Friedrich Schorlemmer
Immer gegen den Strom
Der evangelische Theologe Friedrich Schorlemmer legte sich in der DDR mit den SED-Oberen an und war doch Gegner einer schnellen Wiedervereinigung. Jetzt ist er gestorben
Bürgerrechtler und Theologe Friedrich Schorlemmer ist tot
Friedrich Schorlemmer 2022 in seinem Lesezimmer in seiner Wohnung in Wittenberg.
epd-bild/Paul-Philipp Braun
10.09.2024
3Min

Es war eine kleine, eher unscheinbare Aktion, aber sie wurde weltberühmt. Am Abend des 24. September 1983 versammelten sich auf dem evangelischen Kirchentag in Wittenberg - damals in der DDR - rund 600 Menschen. Sie schauten zu, wie auf Initiative des Wittenberger Theologen Friedrich Schorlemmer der Kunstschmied Stefan Nau ein Schwert zu einer Pflugschar schmiedete. Mit dem symbolischen Akt "Schwerter zu Pflugscharen" sollte der Wunsch nach Frieden ausgedrückt werden.

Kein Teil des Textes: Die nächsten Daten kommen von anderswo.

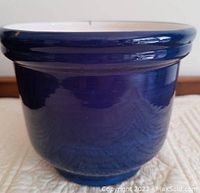 Side view of the royal blue ceramic flower pot showing smooth, glossy finish with no visible damage.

Schorlemmer gehörte zu den prominenten Kritikern des DDR-Regimes. Wenige Monate nach seinem 80. Geburtstag am 16. Mai ist der Theologe, Publizist und Bürgerrechtler am Montag nach langer Krankheit in einem Berliner Pflegeheim gestorben.

Geboren wurde Schorlemmer 1944 im brandenburgischen Wittenberge in der Prignitz. Als Dozent kam er 1978 ans Evangelische Predigerseminar in die Lutherstadt Wittenberg. Er predigte an Martin Luthers (1483-1546) ehemaliger Wirkungsstätte in der Schlosskirche, an deren Tür der Reformator vor mehr als 500 Jahren die 95 Thesen angeschlagen haben soll, die zum Auslöser der Reformation wurden.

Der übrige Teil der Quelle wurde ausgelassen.